La visione di alcuni film di fantascienza e il mito di Frankenstein devono aver ispirato l’équipe neurochirurgica del professor Alim-Louis Benedil dell’Università di Grenoble nel promuovere una ricerca sperimentale sull’installazione di pace-maker cerebrale. Ce ne parla con toni enfatici Eugenio Occorsio in un articolo comparso il 22 marzo 2004 su “Affari e Finanza” di «Repubblica».
La descrizione dell’intervento è già di per sé raccapricciante: «Bisogna intraprendere una difficile operazione che dura sei ore serrate, per di piú sul paziente sveglio e collaborante... per guidare i chirurghi dicendogli le sue sensazioni momento per momento. Vengono praticati due piccoli fori nella parte alta del cranio, e da lí introdotti due cavi... L’obiettivo è raggiungere due neurostimolatori inseriti sotto al collo, simili ai pace-maker cardiaci».
La ricerca nasce con l’intento di risolvere le piú gravi forme depressive e ossessive-compulsive, nonché cefalalgiche: un mix neuropsichiatrico che potrebbe fare da esca per attingere al fondo di San Patrizio, che negli ultimi sei anni è raddoppiato, della ricerca sull’Alzheimer.
Gli autori della ricerca si muovono sullo stesso filone di pensiero di quei chirurghi che a metà del secolo scorso lobotomizzavano i cervelli dei malati mentali, o dei propugnatori dell’elettroshock, pratica terapeutica aberrante e tuttora praticata in sordina. Non sono evidentemente a conoscenza delle ricerche di un neurochirurgo bolognese dello stesso periodo, il professor Gozzano, che constatò la crescita di tessuto gliale (un tessuto connettivale specifico del cervello) intorno all’introduzione di qualsiasi materiale (elettrodi, cavi...) inserito nel tessuto cerebrale, il che vanificherebbe dopo alcuni mesi l’effetto “terapeutico” cosí tanto agognato.
Peccato che la scienza neurochirurgica annoveri, insieme a brillanti interventi nella sempre piú frequente traumatologia stradale delle fratture craniche, o nel caso dello scoppio di un inaspettato aneurisma (una dilatazione anomala di un vaso) cerebrale, cialtronesche sperimentazioni come quella citata.
L’uomo è dotato di dodici paia di nervi cranici, cosí come di dodici paia di costole.

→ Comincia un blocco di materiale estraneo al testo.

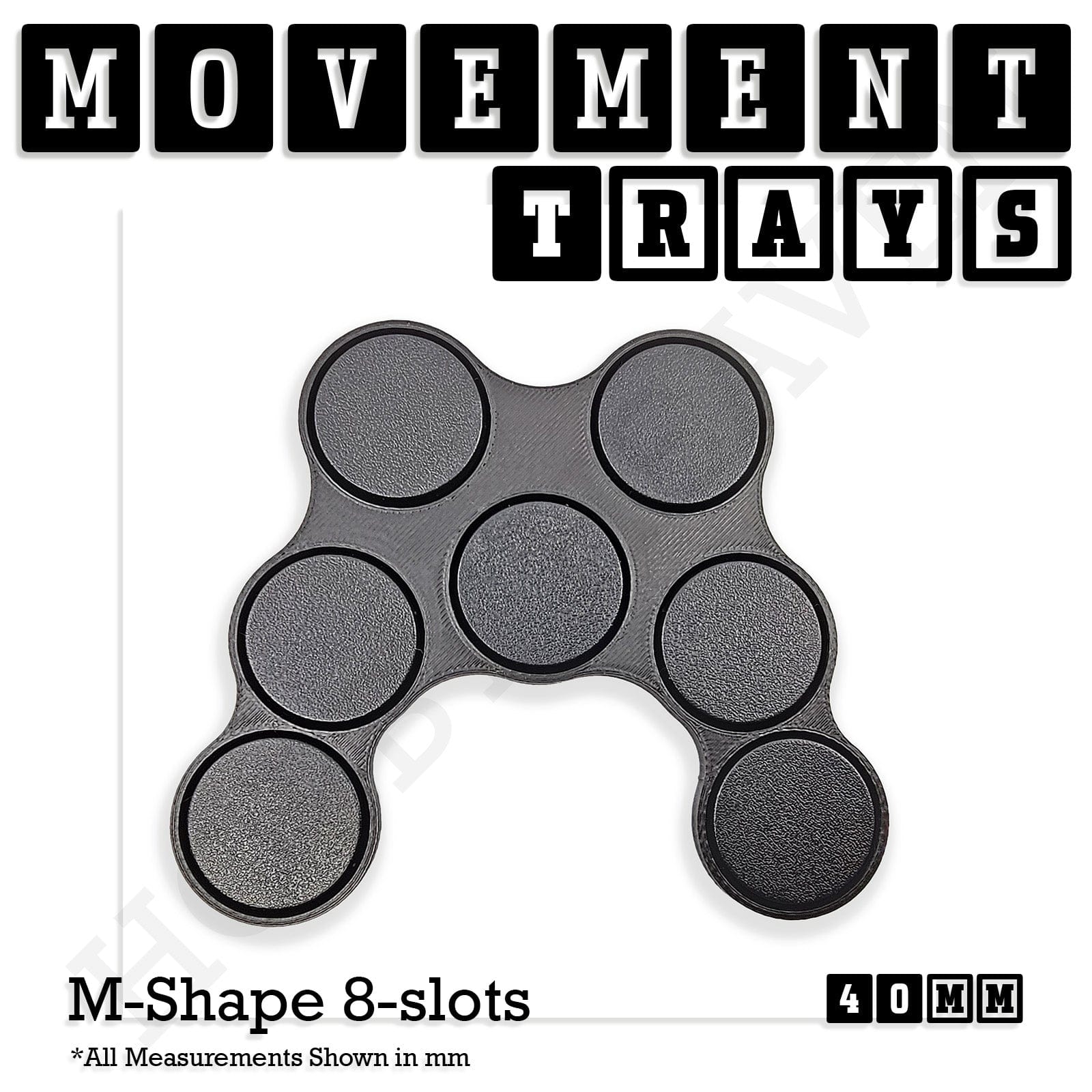 Movement Tray 40mm Movement Trays for Miniatures | Tabletop Wargames Compatible | Full Range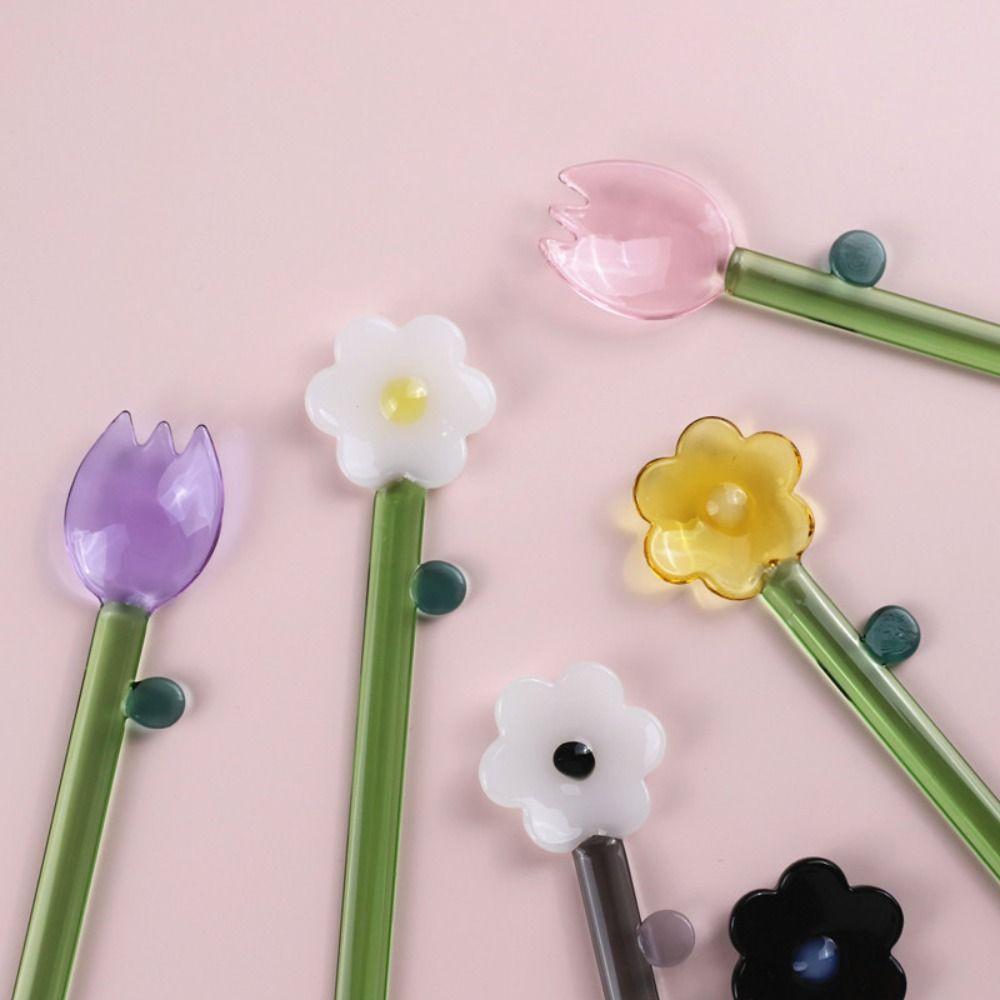 Flower Shaped Glass Spoon Long Handle Mixing Sticks Creative Coffee Stirring Spoon Stick Home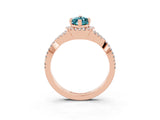 Rose gold Marquise Cut Blue Topaz  Halo Twist Band Solitaire Prong Setting Ring_45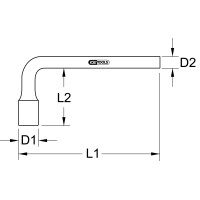 BRONZEplus 6-kant-Steckschlüssel gewinkelt 38 mm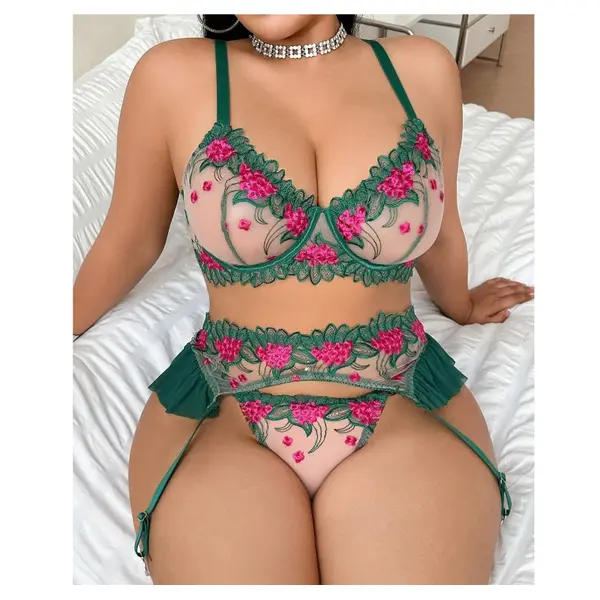 plus size embroidered lingerie set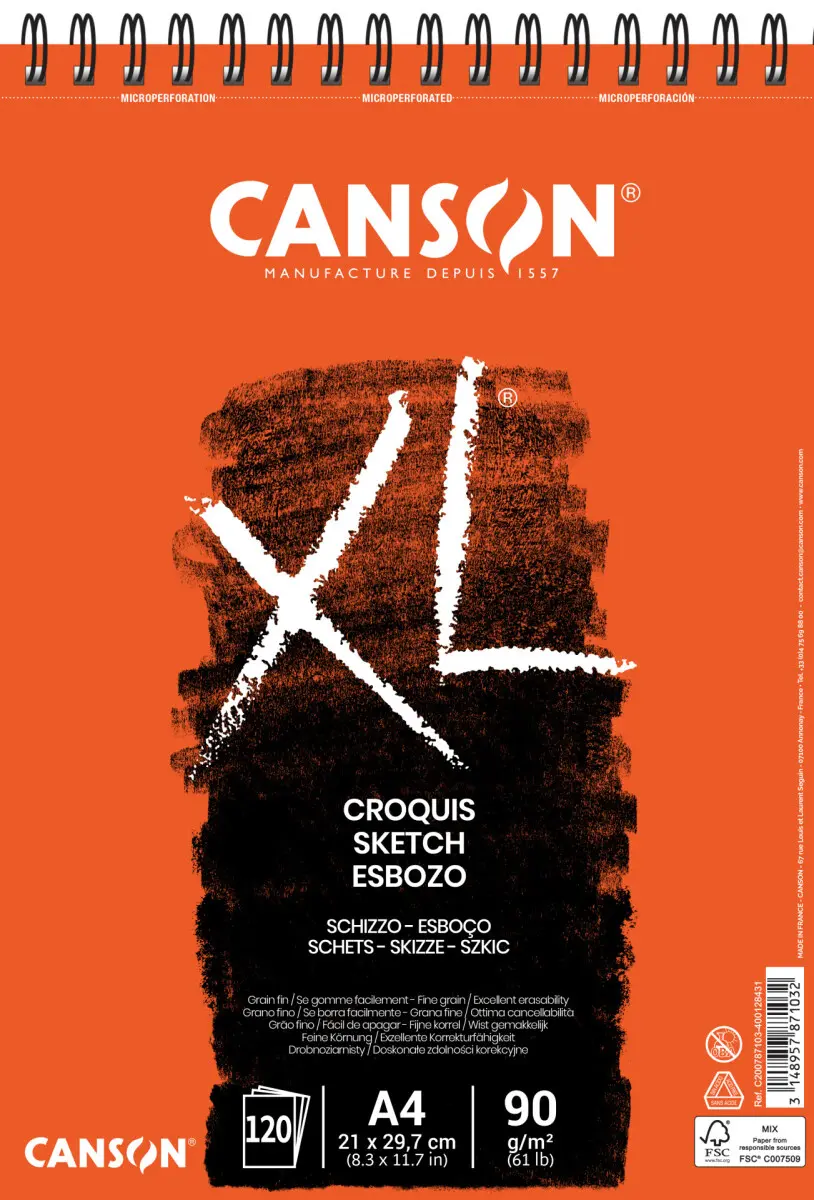 Kreslicí blok CANSON XL Croquis 90 g/m² A4, 120 listů, spirála nahoře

Anziché sviluppare un approfondimento conoscitivo sulla funzione dei nervi già esistenti (è identica l’azione dei nervi di destra rispetto a quelli di sinistra? che relazione c’è fra i dodici nervi cranici e le dodici forze plasmatrici zodiacali?), si preferisce “avanzare” con una tredicesima coppia di nervi cranici rappresentata da due cavi-spaghetti con il relativo ganglio-pace-maker. Mi sovviene la coraggiosa scelta del dottor Appenzeller, medico antroposofo ispiratore di un ampliamento dell’auscultazione cardiaca: alcuni colleghi gli consigliarono di installare un pace-maker cardiaco ma egli, consapevole di quale prova del destino gli stava arrivando, oppose un mite ma fermo rifiuto.